OPC, a once-daily catechol-O-methyltransferase inhibitor, proved effective in treatment of motor fluctuations in PD patients in two large, previously published, randomized, placebo-controlled, multinational trials (BIPARK-I and II) [1,2]. However, real-world clinical practice data are needed to complement evidence from these trials.

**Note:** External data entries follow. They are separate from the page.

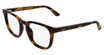Calvin Klein CK26519 HAVANA/240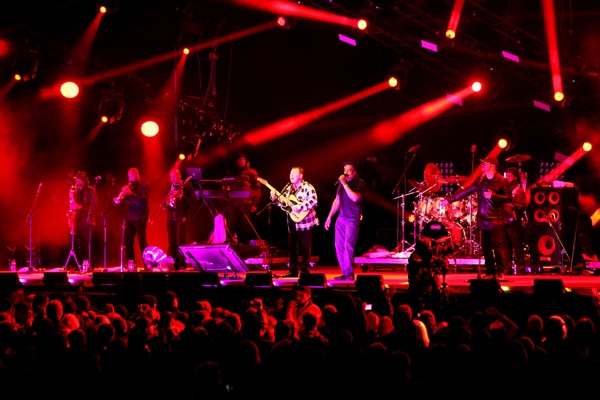 UB40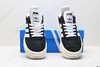 阿迪达斯Adidas Gazelle Bold W低帮复古百搭休闲运动板鞋IE0429女鞋 商品缩略图6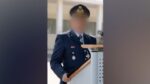 Νέα στοιχεία για το θρίλερ κατασκοπείας – Η γυναίκα μυστήριο, οι απόρρητες πληροφορίες & ο θαυμασμός του σμηνάρχου στην Κίνα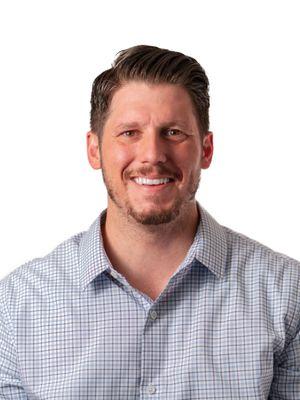 Nick Flournoy Chandler Arizonas best realtor!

OPTIPARK was a prospective, open-label, uncontrolled, single-group, multicenter trial conducted in Germany and the UK under clinical practice conditions. PD patients with motor fluctuations were treated with OPC 50-mg for 3 (Germany) or 6 (UK) months in addition to current antiparkinsonian treatment. Primary efficacy endpoint was Clinician’s Global Impression of Change (CGIC) after 3 months. Secondary efficacy endpoints included Patient’s GIC (PGIC). Safety assessments included evaluation of treatment-emergent adverse events (TEAEs) and serious adverse events (SAEs).

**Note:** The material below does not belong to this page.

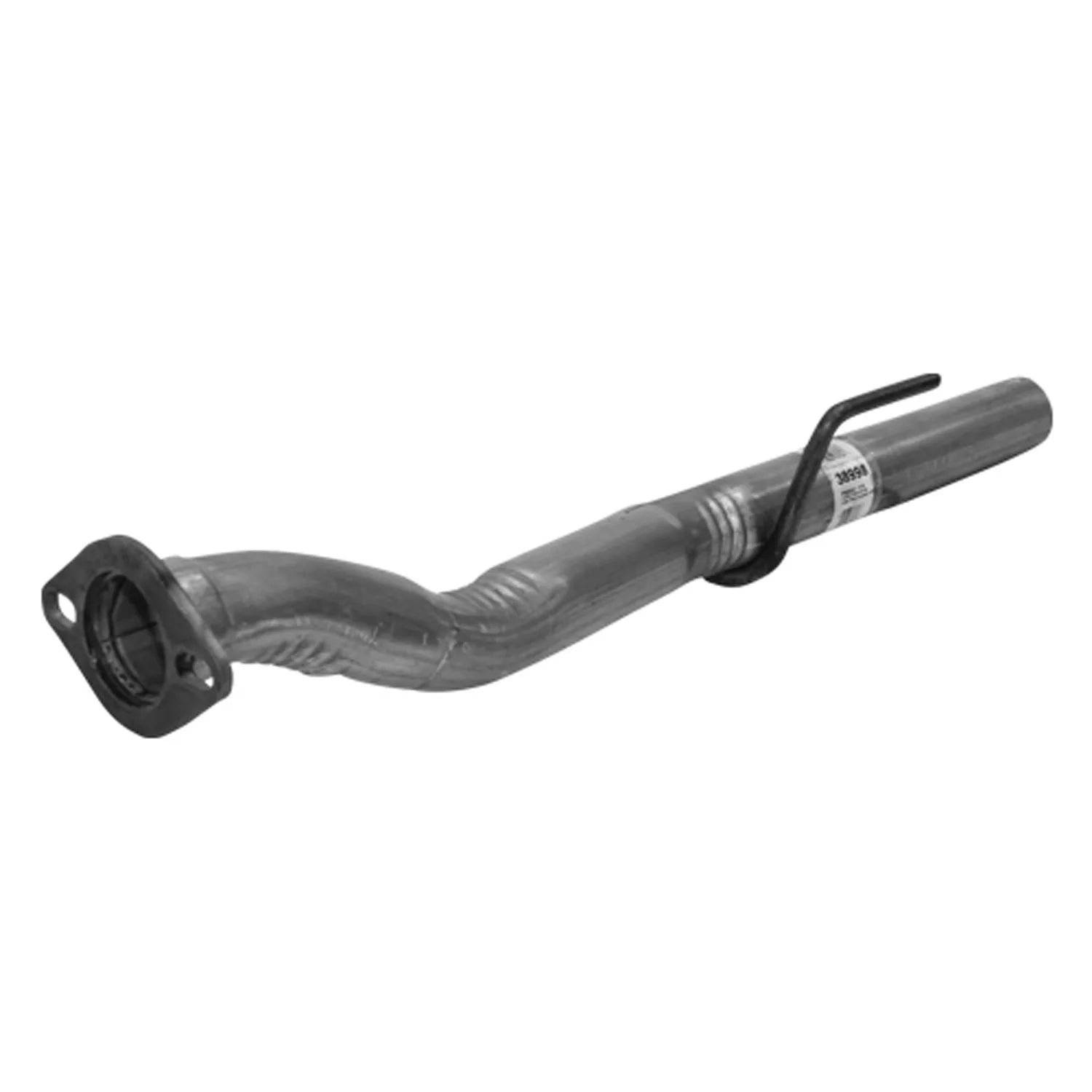 AP Exhaust 38998 2007-2015 Nissan Armada Exhaust Pipe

495 patients received at least one dose of OPC 50-mg (Safety Set), and 393/495 patients (79.4%) completed 3 months of study treatment. Mean age was 67.7 years, 63.6% were male, and mean duration of PD was 8.5 years. Overall, 71.3% and 76.8% of patients experienced improvement (very much/much/minimally improved) on CGIC and PGIC after 3 months, respectively (Full Analysis Set, n=477). TEAEs considered at least possibly related to OPC were reported for 223/495 patients (45.1%); most frequently reported (≥5% patients) were dyskinesia (11.5%) and dry mouth (6.5%). Most TEAEs (94.8% of events) were of mild or moderate intensity. SAEs were reported for 34/495 patients (6.9%); SAEs occurring in >1 patient were urinary tract infection (0.6%), femoral neck fracture (0.4%), visual hallucination (0.4%) and hypertension (0.4%).

OPC 50-mg was effective and generally well tolerated in PD patients with motor fluctuations treated in clinical practice.

1. Ferreira et al., Lancet Neurol. 2016;15(2):154-165.

2. Lees et al., JAMA Neurol. 2017;74(2):197-206.